Sagili stressed at his lecture that CCD is a set of symptoms and not a disease itself. Scientists still don’t know what is causing the loss of so many colonies. Is it nutrition? Pesticides? Fungicides? Mites? Bee rapture?
It could be all of the above (aside from the rapture), according to Sagili. From infection from the Varroa mite, poor nutrition (from bees feeding on mono crops), overcrowding, a pathogenic gut microbe called Nosema and stress from being trucked long distances, the bees immune systems might be compromised.
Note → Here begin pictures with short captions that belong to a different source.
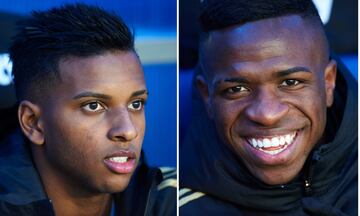 Rodrygo y Vinicius Jr. en el baquillo de Mendizorroza. 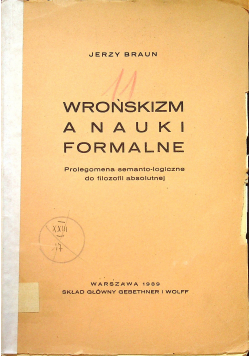 Wrońskizm a nauki formalne 1939 r.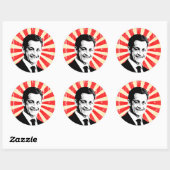 Sticker Rond Nicolas Sarkozy (Feuille)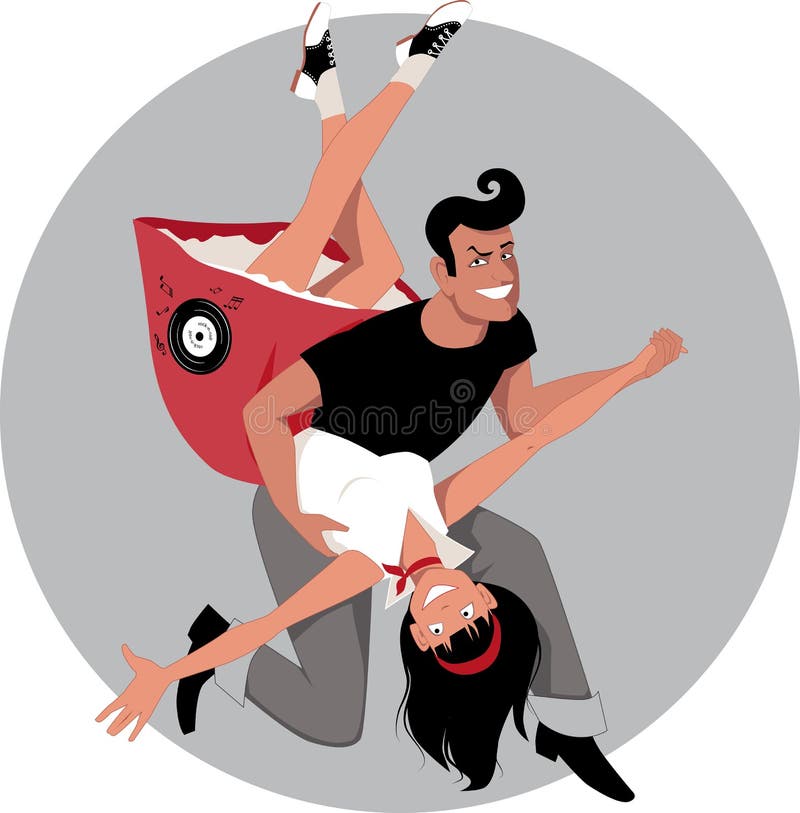 Young cartoon couple dressed in 1950s style fashion dancing rock and roll, vector illustration. Young cartoon couple dressed in 1950s style fashion dancing rock and roll, vector illustration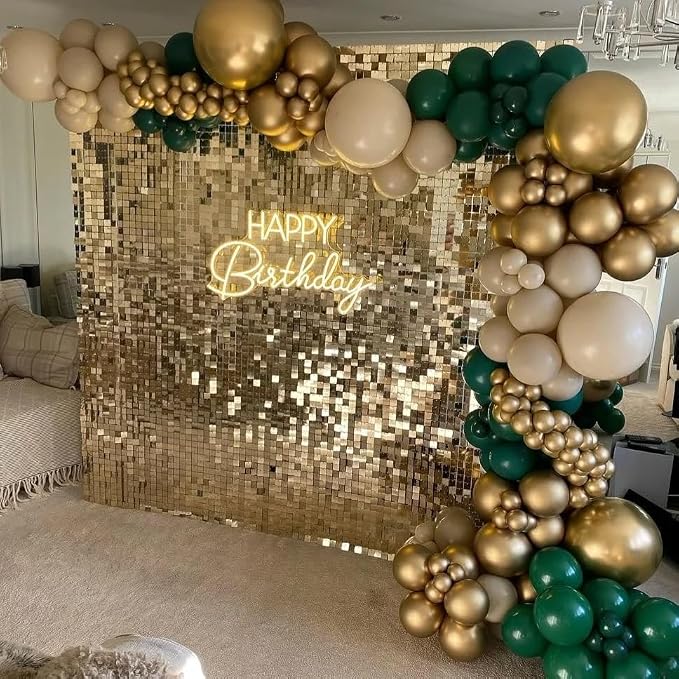 Shimmer Wall Backdrop Light Gold Wall Panels 24Pcs Square Sequin Shimmer Wall - Image 2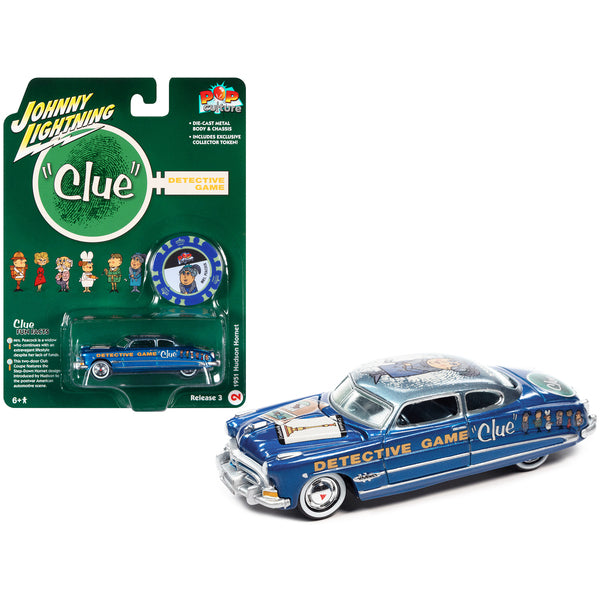 1951 Hudson Hornet Blue Metallic "Vintage Clue Mrs. Peacock" with Poker Chip Collector's Token "Pop Culture" 2022 Release 3 1/64 Diecast Model Car by Johnny Lightning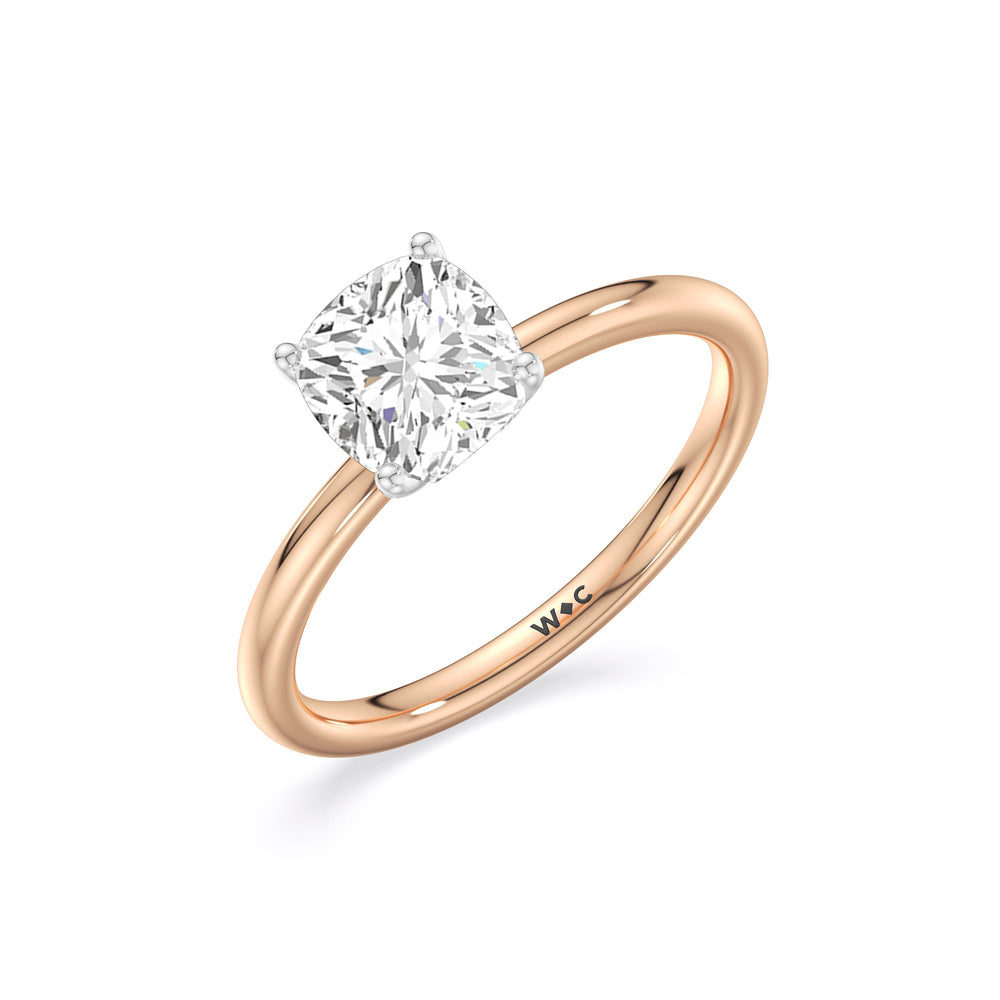 Classic Four Prong Petite Comfort Fit Solitaire Engagement Ring with Cushion Cut Diamond in 14KT White & Rose Gold view 3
Combine that with a lack of genetic diversity, in-hive chemicals and pesticides and fungicides and you have a web of interweaving factors that is tricky to study.
Working on a complex problem that affects a complex organism is what drives biologists. Sagili likes his work and encourages students to pursue science.
“If you have a passion for science,” said Sagili, “You should not ignore it.”
Sagili earned his BA and Masters in agriculture in India and completed a PhD in entomology in Texas in 2007 just a year after the first report of CCD. Although he recognizes that science students may need to pursue advanced degrees he feels the job market is good and they will find work.
“I see a bright future for science,” he said.
And with 2.5 million managed colonies in the U.S. what is the future for bees?
“With all the awareness and support for bees,” said Sagili,”I see their future as bright as well.”